— Task instructions —
Where an image occurs, skip it and print the rest of the records verbatim.

— Records to use —
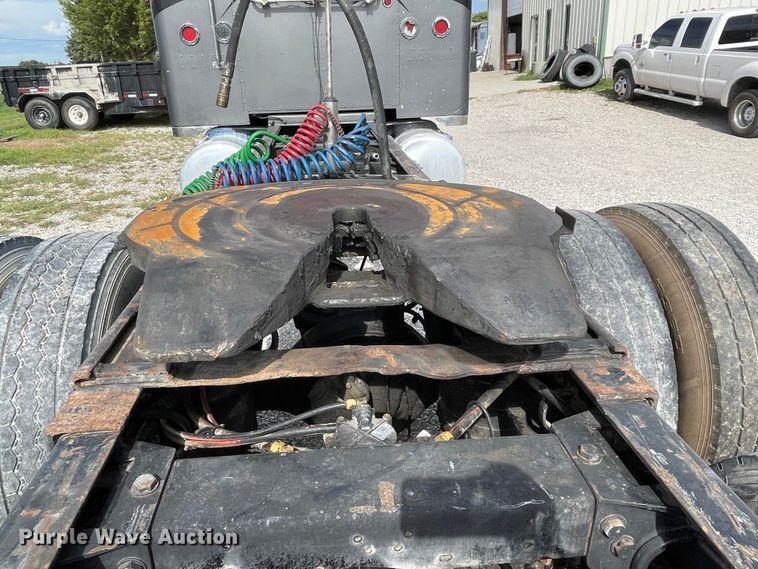 image for item MR9287 1991 Peterbilt 379  semi truck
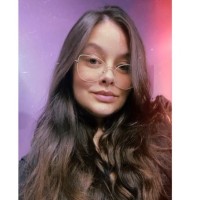 Stefany Abade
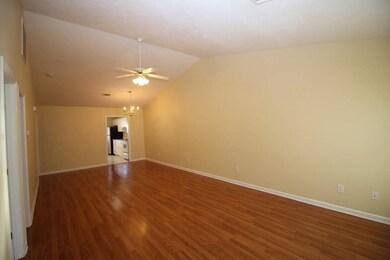 726 Creekside Dr, Evans, GA 30809 - photo 2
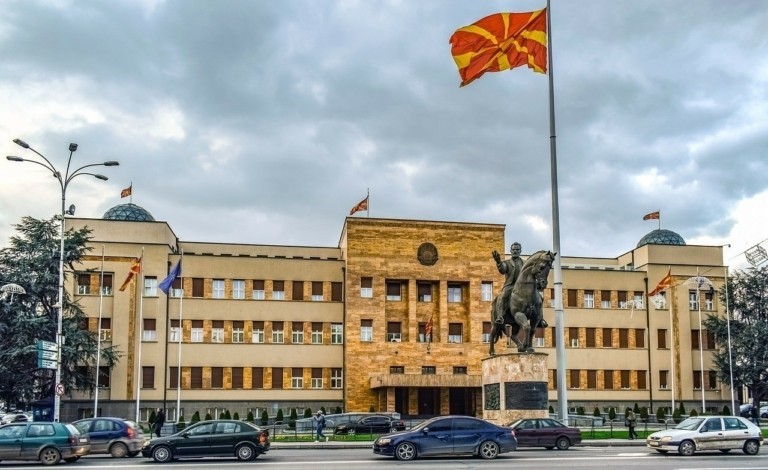 Βόρεια Μακεδονία: Τα εμπόδια και ο δύσβατος δρόμος προς την Ευρώπη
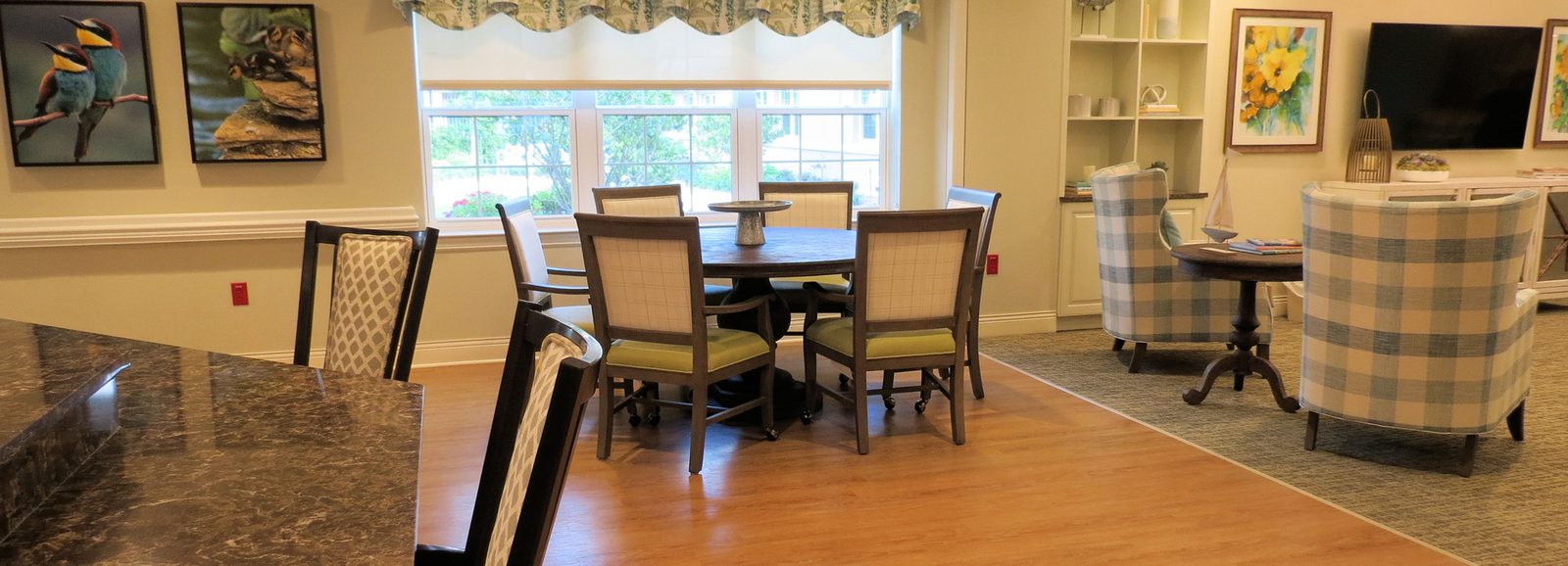 Sunnyside Manor photo 4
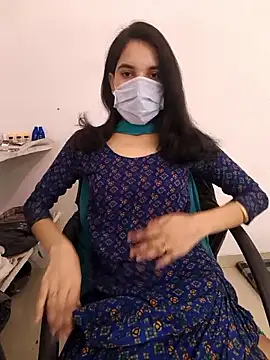 Snapshot of zoya_baby_ chatting on 05.23.26 zoya baby online show from 05.23.26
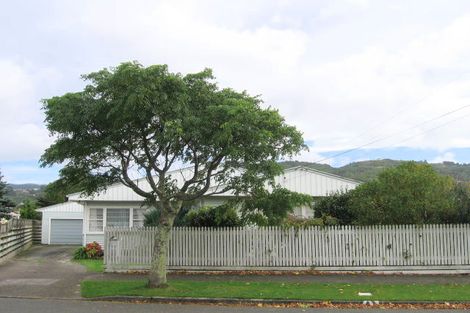 Photo of property in 15 Foster Street, Taita, Lower Hutt, 5011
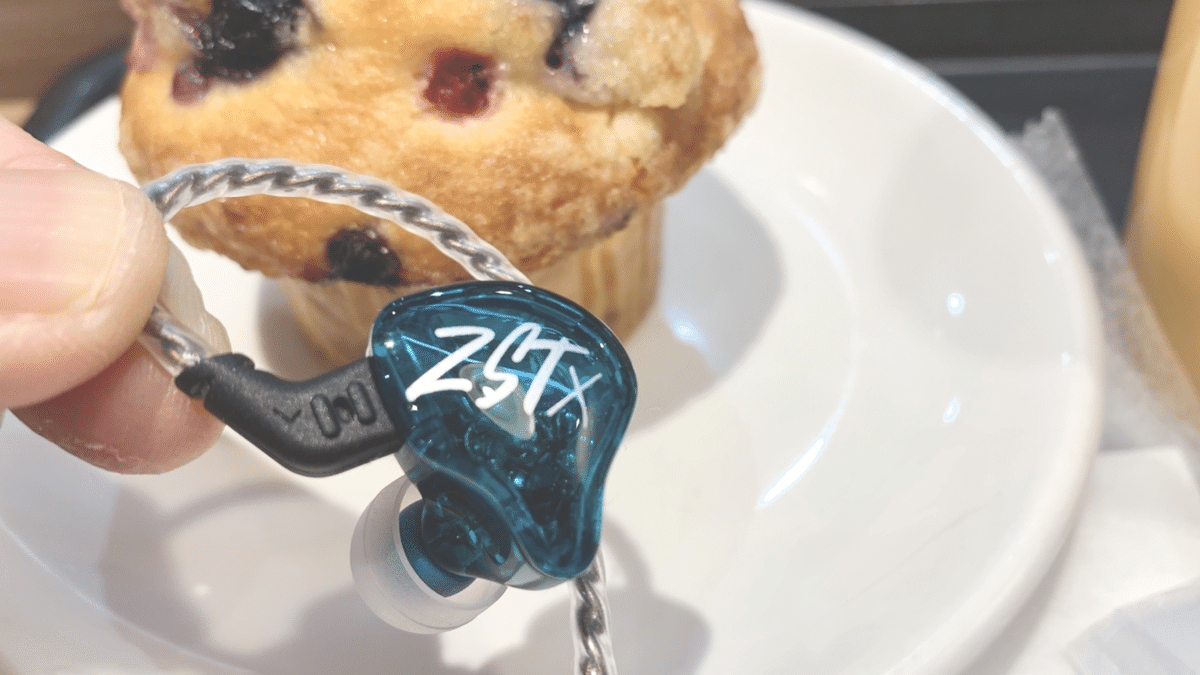 イヤホン　青 KZ ZEX」 もうひとつの静電(EST)ドライバー搭載20ドル級モデル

— Output —
 image for item MR9287 1991 Peterbilt 379  semi truck
 Stefany Abade
 726 Creekside Dr, Evans, GA 30809 - photo 2
 Βόρεια Μακεδονία: Τα εμπόδια και ο δύσβατος δρόμος προς την Ευρώπη
 Sunnyside Manor photo 4
 Snapshot of zoya_baby_ chatting on 05.23.26 zoya baby online show from 05.23.26
 Photo of property in 15 Foster Street, Taita, Lower Hutt, 5011
 イヤホン　青 KZ ZEX」 もうひとつの静電(EST)ドライバー搭載20ドル級モデル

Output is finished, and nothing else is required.